What is being asked: Exact copy, pictures excluded: reproduce every record below.
____________________
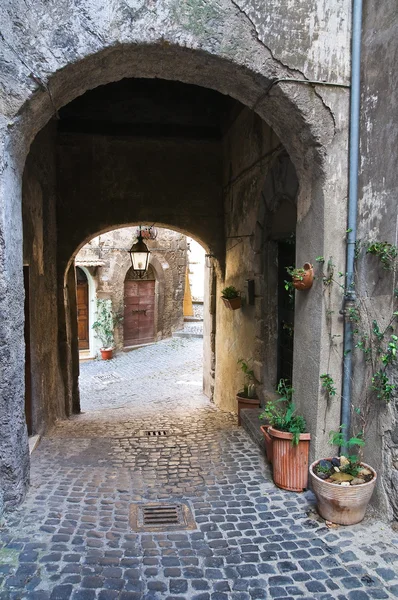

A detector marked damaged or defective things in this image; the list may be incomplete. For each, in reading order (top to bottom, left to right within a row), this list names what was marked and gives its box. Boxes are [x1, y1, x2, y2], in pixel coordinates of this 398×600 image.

cracked plaster wall [0, 0, 352, 508]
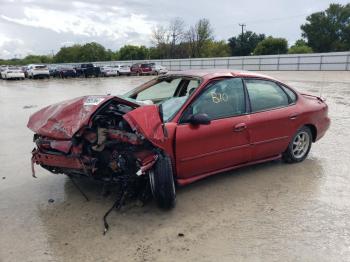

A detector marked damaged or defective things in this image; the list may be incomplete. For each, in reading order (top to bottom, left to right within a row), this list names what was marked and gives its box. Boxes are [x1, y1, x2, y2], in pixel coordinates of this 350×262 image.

damaged hood [26, 96, 165, 145]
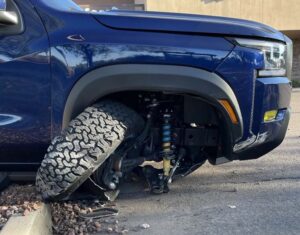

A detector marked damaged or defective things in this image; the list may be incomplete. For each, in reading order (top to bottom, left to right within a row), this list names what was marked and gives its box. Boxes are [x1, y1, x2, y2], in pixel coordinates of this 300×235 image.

detached front wheel [36, 100, 144, 201]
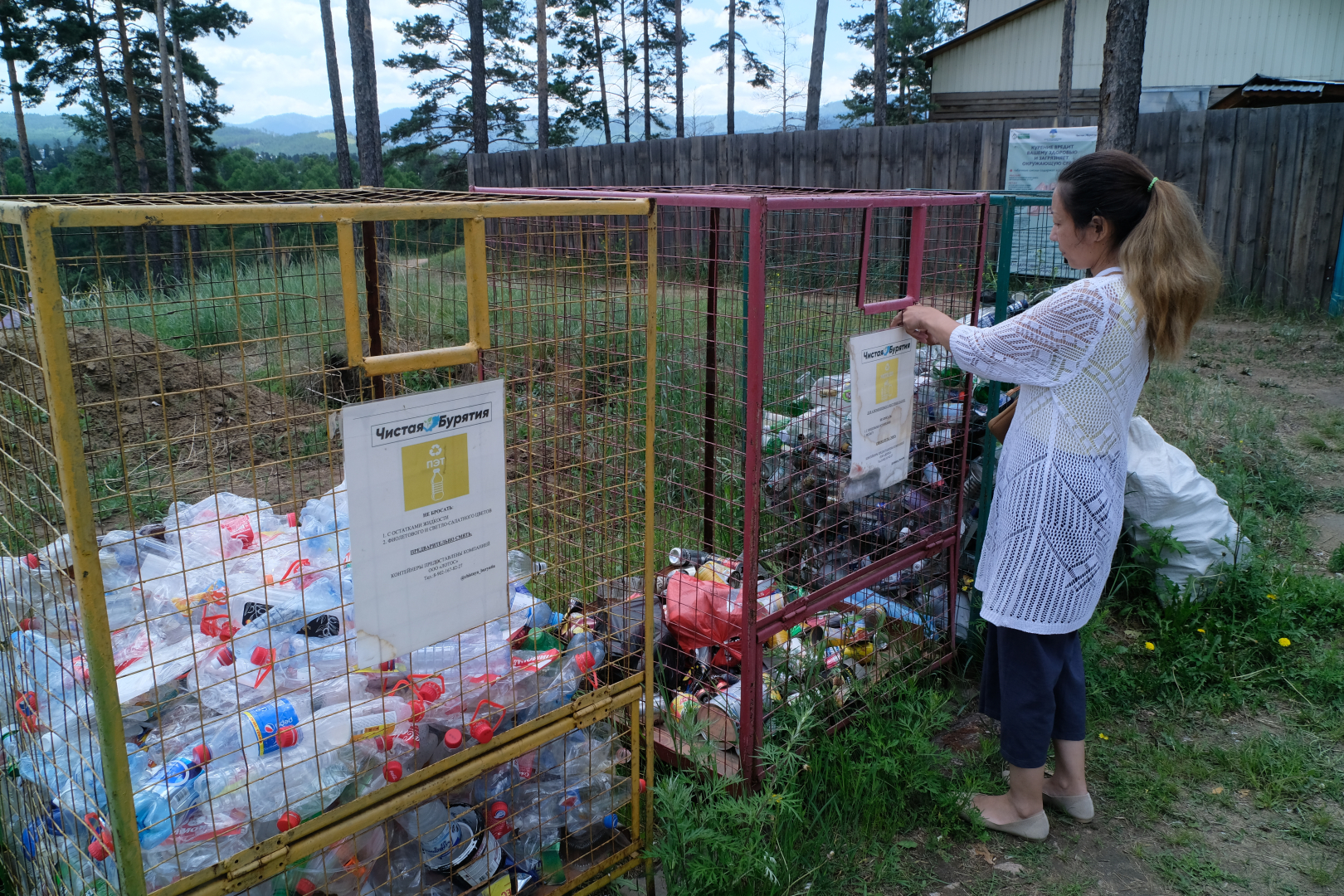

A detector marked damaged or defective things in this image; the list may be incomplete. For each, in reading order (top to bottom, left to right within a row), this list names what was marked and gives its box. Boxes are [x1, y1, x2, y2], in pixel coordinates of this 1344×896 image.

rusty wire mesh [0, 197, 653, 896]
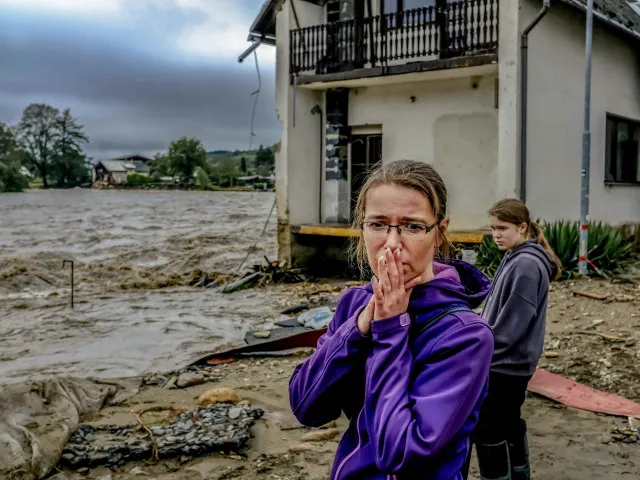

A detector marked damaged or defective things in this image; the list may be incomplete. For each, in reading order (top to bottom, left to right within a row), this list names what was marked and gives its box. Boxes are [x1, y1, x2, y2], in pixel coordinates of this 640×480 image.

broken roofline [246, 0, 640, 49]
damaged roof eave [564, 0, 640, 43]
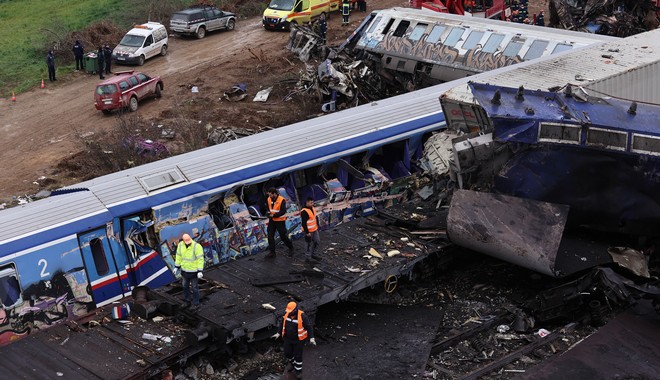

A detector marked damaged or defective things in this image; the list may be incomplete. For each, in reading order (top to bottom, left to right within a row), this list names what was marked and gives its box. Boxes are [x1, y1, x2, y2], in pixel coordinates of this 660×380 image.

destroyed passenger car [170, 5, 237, 38]
destroyed passenger car [93, 70, 163, 113]
broken train window [0, 264, 23, 308]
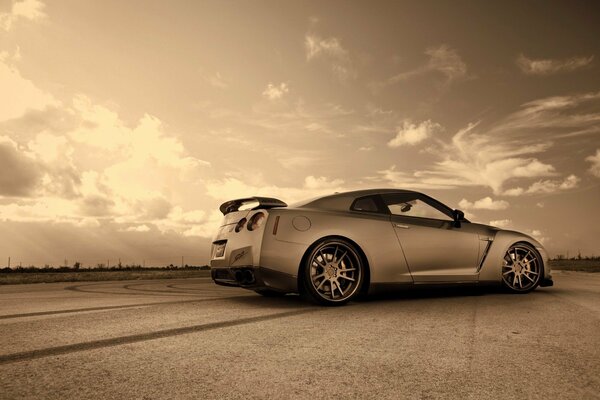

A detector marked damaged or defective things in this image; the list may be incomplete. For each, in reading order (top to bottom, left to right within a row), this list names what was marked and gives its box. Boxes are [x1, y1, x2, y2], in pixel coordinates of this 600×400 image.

cracked asphalt [0, 270, 596, 398]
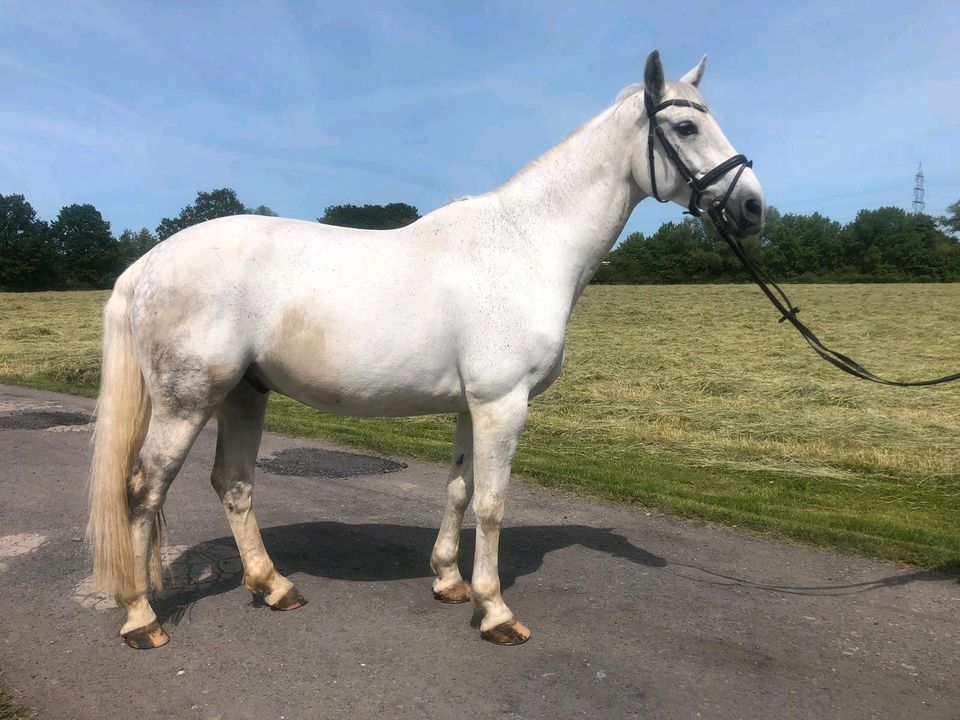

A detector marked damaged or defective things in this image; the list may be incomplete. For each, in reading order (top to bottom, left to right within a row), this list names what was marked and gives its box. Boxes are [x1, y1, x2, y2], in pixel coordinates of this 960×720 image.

road patch repair [0, 388, 956, 720]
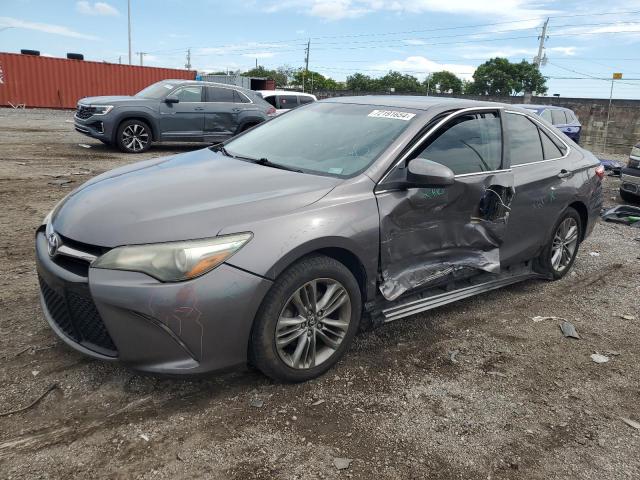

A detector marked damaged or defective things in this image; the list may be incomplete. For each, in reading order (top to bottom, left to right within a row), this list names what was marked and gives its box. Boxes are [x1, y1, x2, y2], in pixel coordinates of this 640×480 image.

damaged sedan [36, 97, 604, 382]
damaged side panel [378, 172, 512, 300]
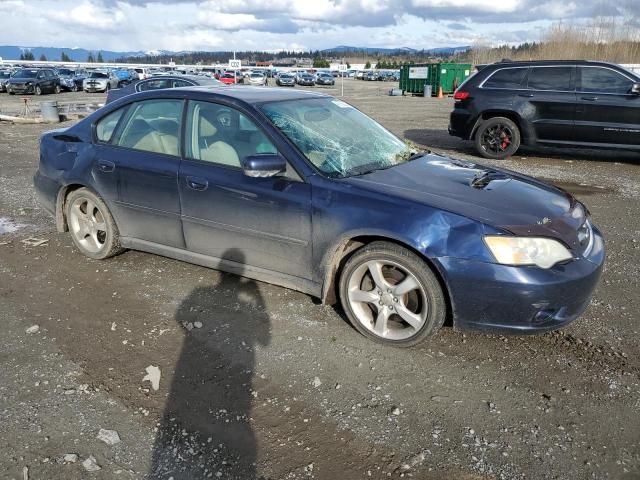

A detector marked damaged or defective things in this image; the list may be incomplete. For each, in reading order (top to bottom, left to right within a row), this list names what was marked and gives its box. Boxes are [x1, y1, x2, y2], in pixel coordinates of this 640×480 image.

shattered windshield [260, 97, 420, 178]
damaged blue sedan [33, 86, 604, 346]
cracked hood [342, 154, 588, 242]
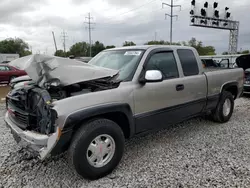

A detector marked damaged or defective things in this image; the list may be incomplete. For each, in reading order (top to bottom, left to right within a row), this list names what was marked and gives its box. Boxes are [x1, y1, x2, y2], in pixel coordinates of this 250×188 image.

crumpled hood [8, 54, 119, 87]
front bumper damage [4, 111, 61, 161]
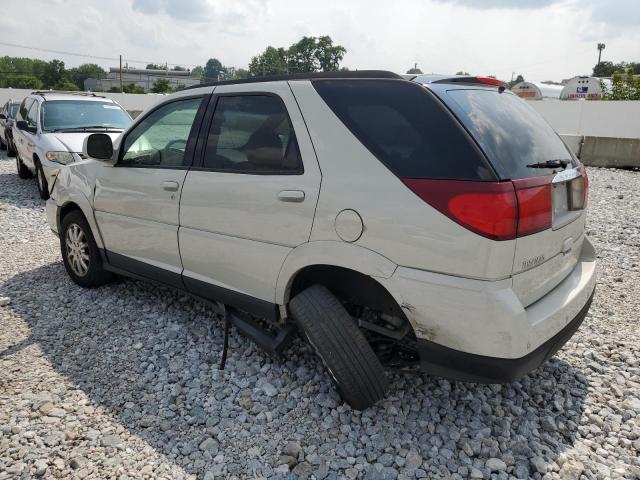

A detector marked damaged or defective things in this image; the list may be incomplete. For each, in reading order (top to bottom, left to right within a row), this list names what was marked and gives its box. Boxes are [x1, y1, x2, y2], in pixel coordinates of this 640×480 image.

detached rear wheel [60, 211, 113, 286]
detached rear wheel [288, 284, 388, 410]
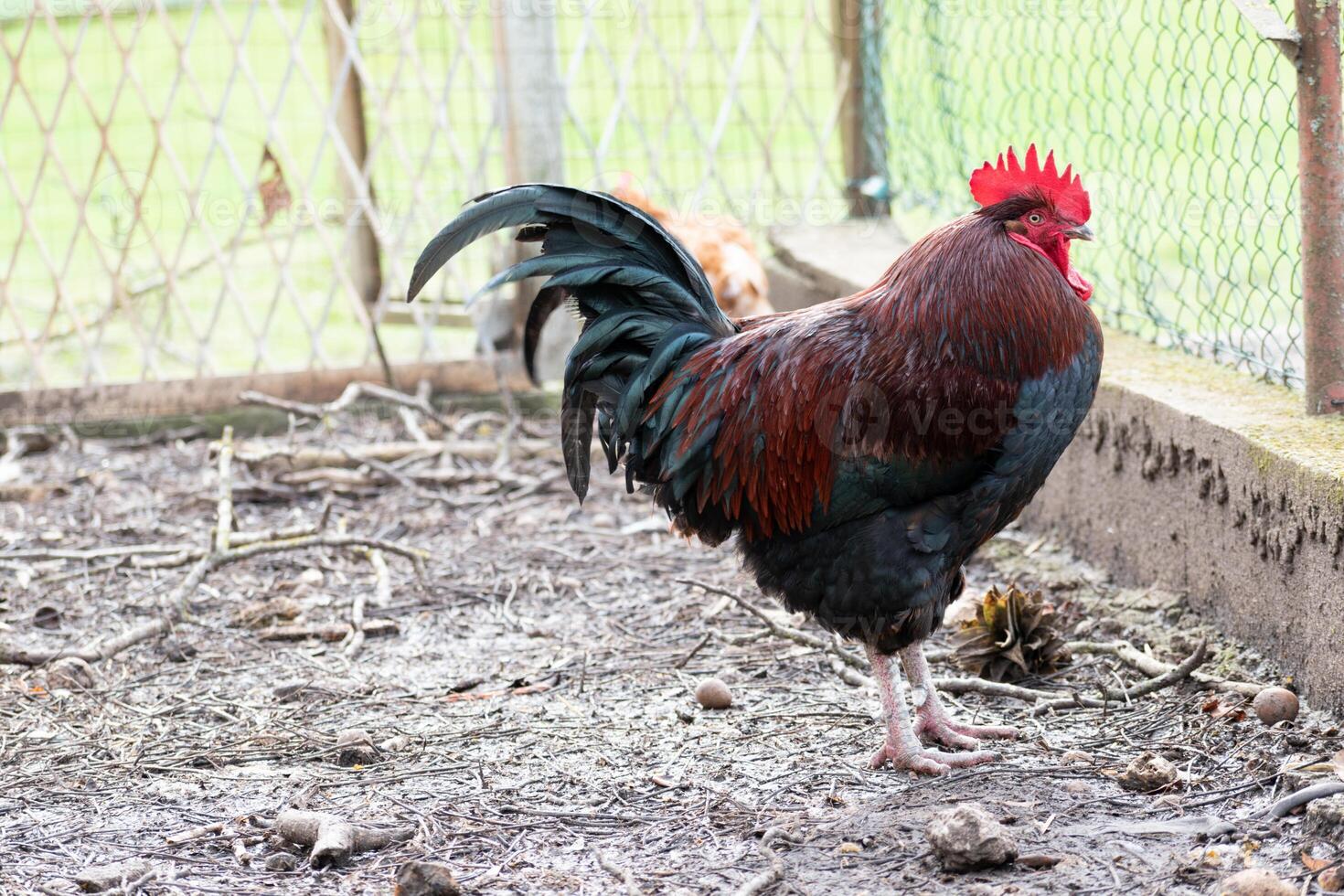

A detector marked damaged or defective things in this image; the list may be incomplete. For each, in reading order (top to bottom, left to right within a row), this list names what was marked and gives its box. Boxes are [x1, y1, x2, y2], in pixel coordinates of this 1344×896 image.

rusty metal fence post [1296, 0, 1344, 413]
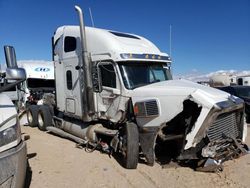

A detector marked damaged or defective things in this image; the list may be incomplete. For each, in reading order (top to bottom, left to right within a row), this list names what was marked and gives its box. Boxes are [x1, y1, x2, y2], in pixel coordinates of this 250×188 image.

crumpled hood [0, 93, 16, 125]
broken headlight [0, 114, 21, 153]
damaged semi truck [27, 5, 248, 170]
broken headlight [134, 99, 159, 117]
crumpled hood [132, 78, 231, 104]
wrecked front end [134, 83, 247, 171]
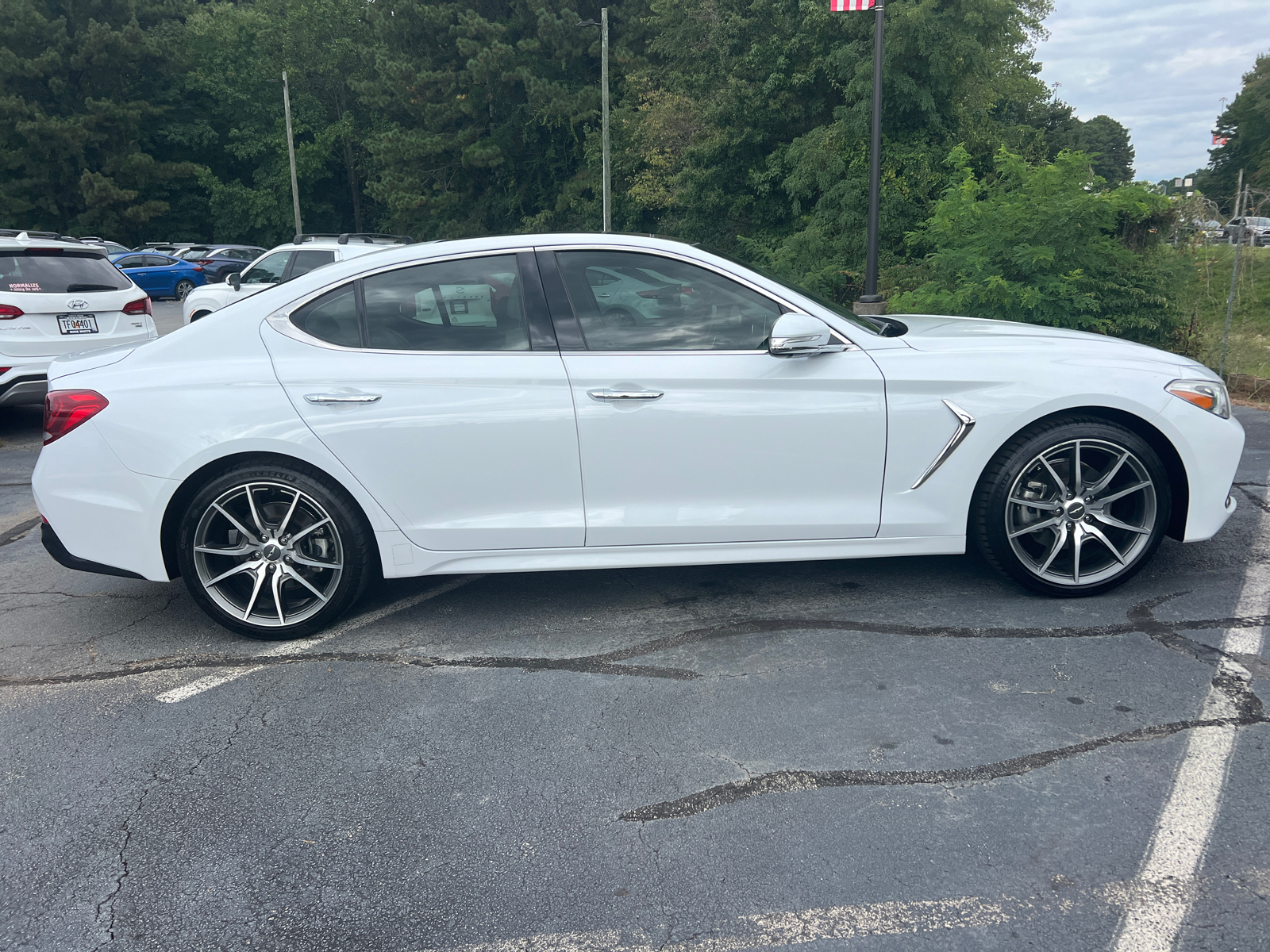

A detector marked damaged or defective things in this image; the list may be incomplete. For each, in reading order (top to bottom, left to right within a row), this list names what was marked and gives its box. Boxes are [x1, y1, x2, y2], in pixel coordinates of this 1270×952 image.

cracked pavement [0, 383, 1264, 949]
____________________
Solution below:
A detector marked damaged or defective things in this image; the list may be incomplete. For each, in reading order (top to bottom, left to right within a row), this list names what was marked and gives its box. Boxes are [x1, y1, x2, y2], in pixel coordinates of this 398×600 image.

cracked plaster wall [0, 0, 352, 508]

A detector marked damaged or defective things in this image; the list may be incomplete. For each, in reading order (top to bottom, left to right within a row), this list names what was marked and gives its box. Boxes are [x1, y1, x2, y2], in pixel coordinates of this 350×262 image.

damaged hood [26, 96, 165, 145]

A detector marked damaged or defective things in this image; the list may be incomplete. For each, in reading order (top to bottom, left to right within a row), this list names what was marked and gives its box. Boxes are [x1, y1, x2, y2], in pixel coordinates of this 300×235 image.

detached front wheel [36, 100, 144, 201]

A detector marked damaged or defective things in this image; the list may be incomplete. For each, in reading order (top to bottom, left to right within a row), this list names what was marked and gives its box. Boxes are [x1, y1, x2, y2], in pixel coordinates of this 1344×896 image.

rusty wire mesh [0, 197, 653, 896]

A detector marked damaged or defective things in this image; the list may be incomplete. For each, in reading order (top to bottom, left to right within a row), this list names what was marked and gives its box. Boxes are [x1, y1, x2, y2], in pixel coordinates of this 640×480 image.

broken roofline [246, 0, 640, 49]
damaged roof eave [564, 0, 640, 43]

A detector marked damaged or defective things in this image; the list may be incomplete. For each, in reading order (top to bottom, left to right within a row), this list names what was marked and gives its box. Boxes are [x1, y1, x2, y2], in pixel coordinates of this 660×380 image.

destroyed passenger car [170, 5, 237, 38]
destroyed passenger car [93, 70, 163, 113]
broken train window [0, 264, 23, 308]

A detector marked damaged or defective things in this image; the list may be incomplete. For each, in reading order (top to bottom, left to right within a row), this list names what was marked and gives its box. Boxes are [x1, y1, x2, y2], in pixel coordinates of this 600×400 image.

cracked asphalt [0, 270, 596, 398]

A detector marked damaged or defective things in this image; the list may be incomplete. For each, in reading order (top to bottom, left to right within a row), this list names what was marked and gives its box. Boxes are [x1, y1, x2, y2], in pixel coordinates of this 960×720 image.

road patch repair [0, 388, 956, 720]

A detector marked damaged or defective things in this image; the list may be incomplete. For each, in reading order (top to bottom, left to right within a row), this list names what was marked and gives its box. Boxes are [x1, y1, x2, y2], in pixel coordinates of this 640×480 image.

damaged sedan [36, 97, 604, 382]
damaged side panel [378, 172, 512, 300]

A detector marked damaged or defective things in this image; the list may be incomplete. For each, in reading order (top to bottom, left to right within a row), this list names what was marked and gives its box. Boxes are [x1, y1, x2, y2], in pixel coordinates of this 640×480 image.

shattered windshield [260, 97, 420, 178]
damaged blue sedan [33, 86, 604, 346]
cracked hood [342, 154, 588, 242]

A detector marked damaged or defective things in this image; the list may be incomplete. For each, in reading order (top to bottom, left to right within a row), this list names what was marked and gives its box. Boxes are [x1, y1, x2, y2], in pixel coordinates of this 250×188 image.

crumpled hood [8, 54, 119, 87]
front bumper damage [4, 111, 61, 161]

A detector marked damaged or defective things in this image; the list may be incomplete. For each, in reading order (top to bottom, left to right within a row), this list names what was marked and gives its box. Boxes are [x1, y1, x2, y2], in pixel coordinates of this 640×480 image.

detached rear wheel [60, 211, 113, 286]
detached rear wheel [288, 284, 388, 410]

A detector marked damaged or defective things in this image; the list may be incomplete. For each, in reading order (top to bottom, left to right within a row), this list names what was marked and gives its box. Boxes are [x1, y1, x2, y2], in pixel coordinates of this 1344×896 image.

rusty metal fence post [1296, 0, 1344, 413]

A detector marked damaged or defective things in this image; the list may be incomplete. For each, in reading order (top to bottom, left to right within a row), this list names what was marked and gives its box. Boxes are [x1, y1, x2, y2], in pixel coordinates of this 250×188 image.

crumpled hood [0, 93, 16, 125]
broken headlight [0, 114, 21, 153]
damaged semi truck [27, 5, 248, 170]
broken headlight [134, 99, 159, 117]
crumpled hood [132, 78, 231, 104]
wrecked front end [134, 83, 247, 171]

A detector marked damaged or defective things in this image; the list may be incomplete. For each, in reading order (top to bottom, left to right within a row), this list names what was marked and gives its box. Boxes are [x1, y1, x2, y2], in pixel coordinates of this 1270×952 image.

cracked pavement [0, 383, 1264, 949]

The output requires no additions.